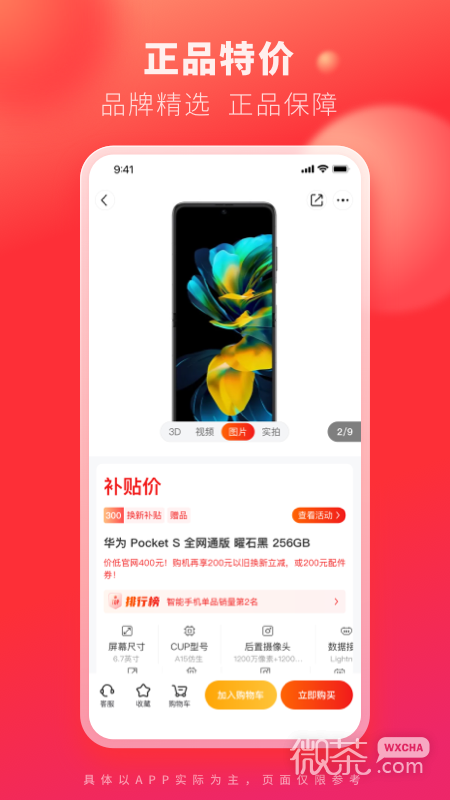九机网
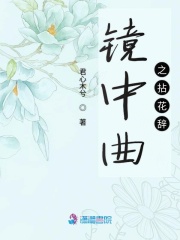 鏡中曲之拈花辭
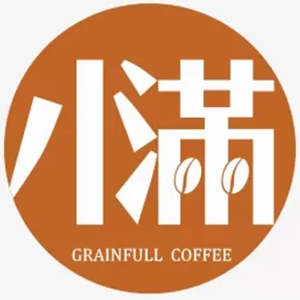 小满咖啡Grainfull Coffee品牌LOGO
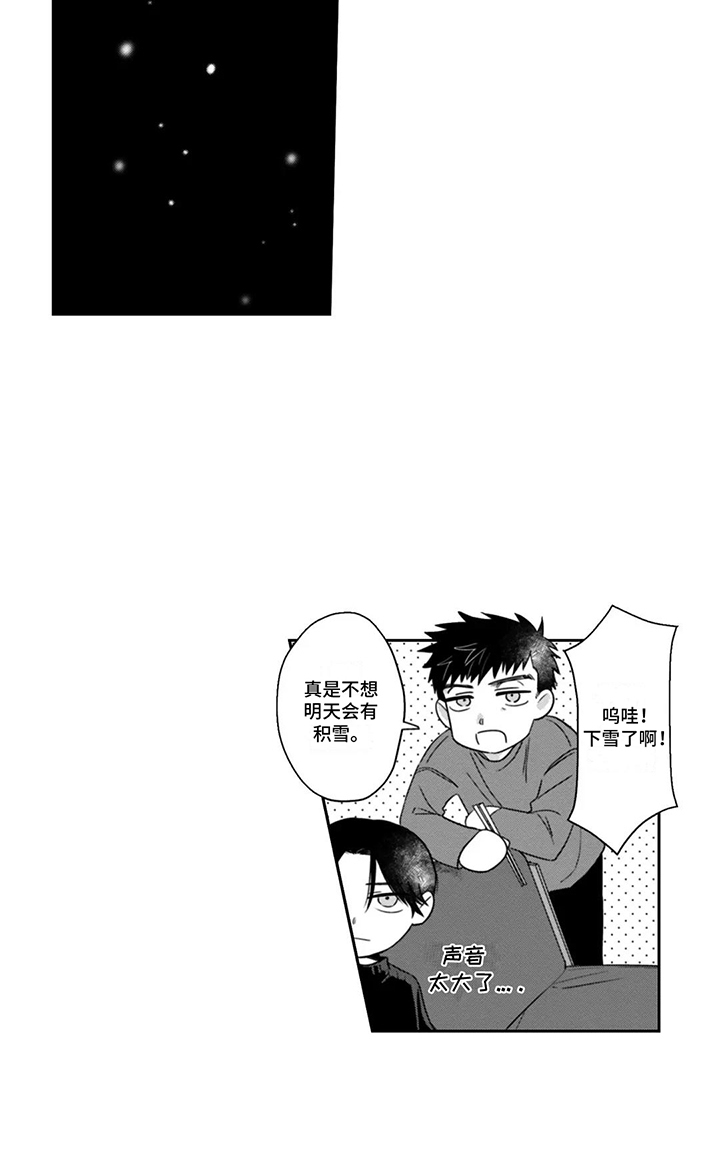 第14话：第14章：变化预览分镜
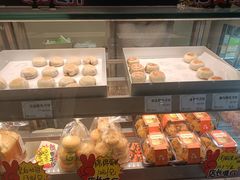 -花园饼屋·吐司蛋糕面包(星海店)
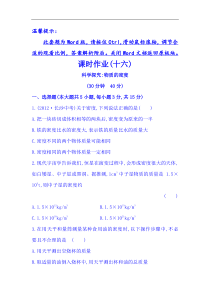 沪科版八年级课时作业十六第五章第三节科学探究物质的密度含解析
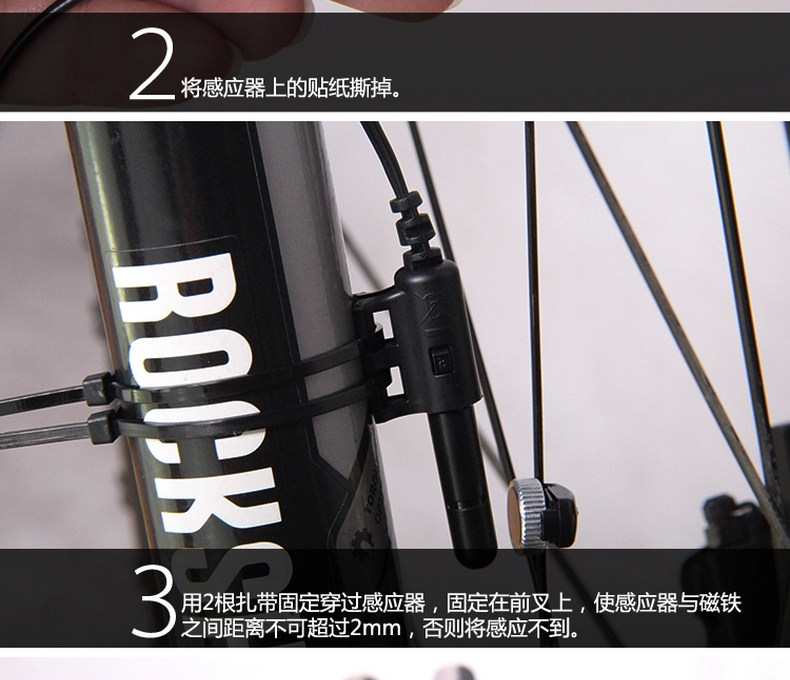 Compteur de vélo CAT EYE - Ref 2418251 Image 33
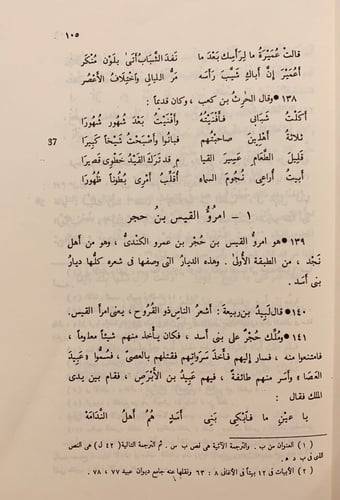 270-الشعر والشعراء 2/1مجلد واحد /ابن قتيبة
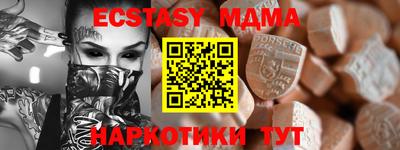 прущие крисы Анапа
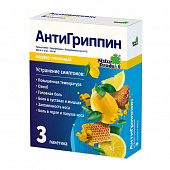 Антигриппин пор д/р-ра д/пр вн Мед/лимон №3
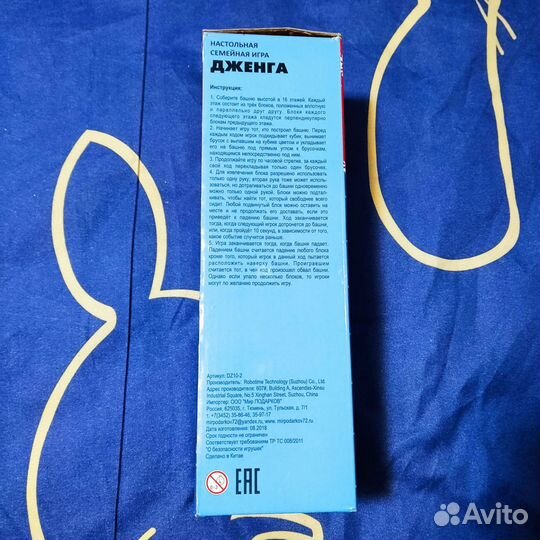 Игра дженга новая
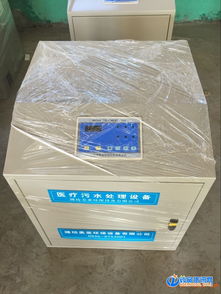 口腔門診污水處理設備與消毒器械 一站式采購與廠價直銷的優勢解析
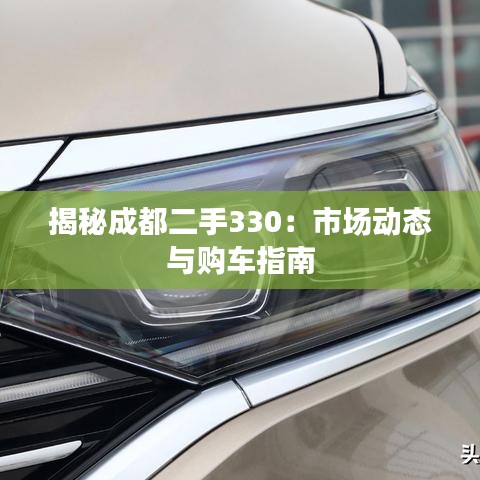 揭秘成都二手330:市场动态与购车指南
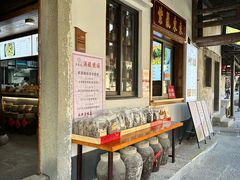 -孝店王酒酿馒头(安昌1店)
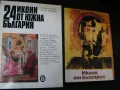 ЛоЛот от два албума с цветни репродукции на български икони, снимка 1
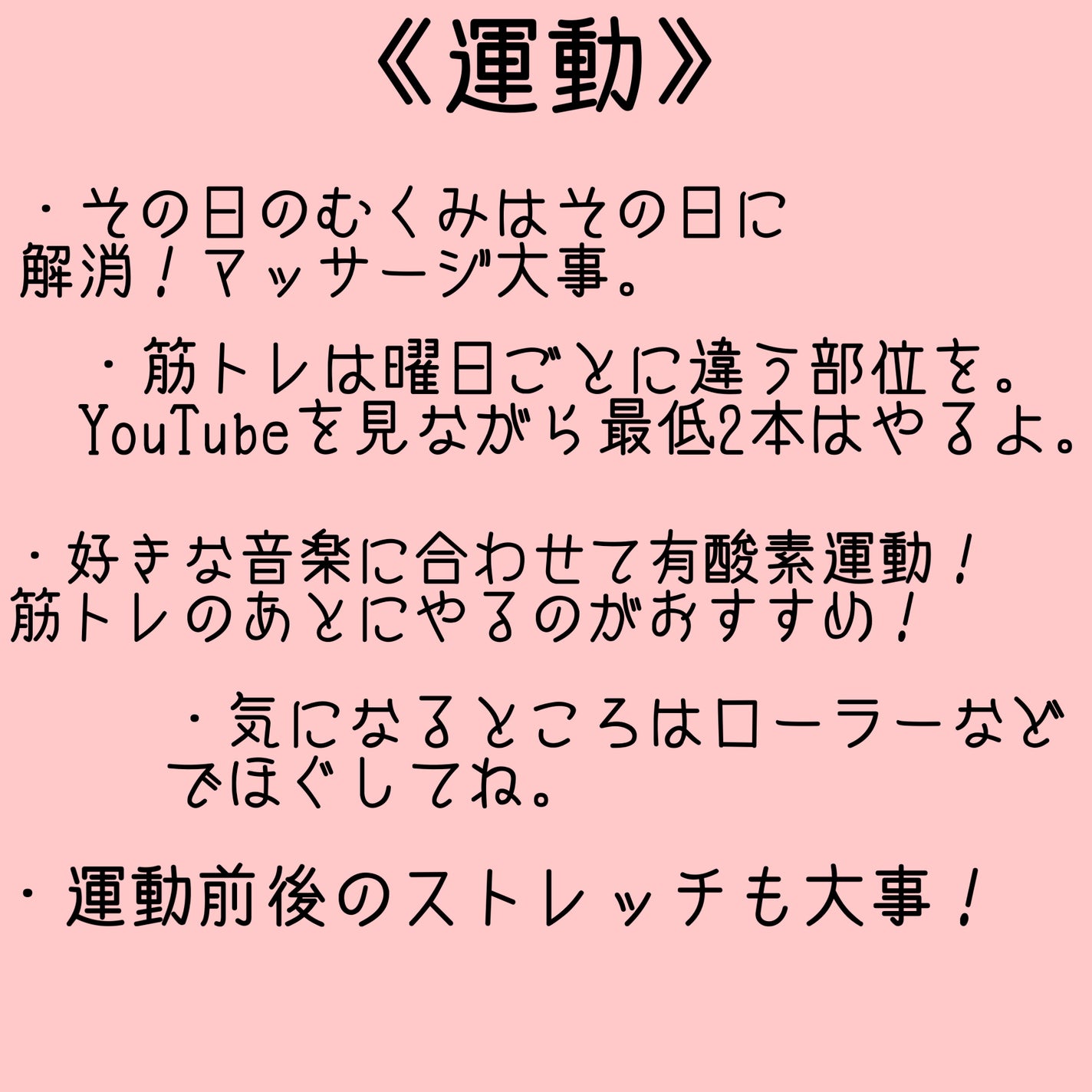 寝ながらメディキュット フルレッグ/メディキュット/着圧ソックス・レギンスを使ったクチコミ(3枚目)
--
# WHAT IS NEEDED
Only an exact copy of the lines from the one with "-孝店王酒酿馒头(安昌1店)" through the last line of the data above is wanted, and no pictures.

# RESPONSE AREA
 -孝店王酒酿馒头(安昌1店)
 ЛоЛот от два албума с цветни репродукции на български икони, снимка 1
 寝ながらメディキュット フルレッグ/メディキュット/着圧ソックス・レギンスを使ったクチコミ(3枚目)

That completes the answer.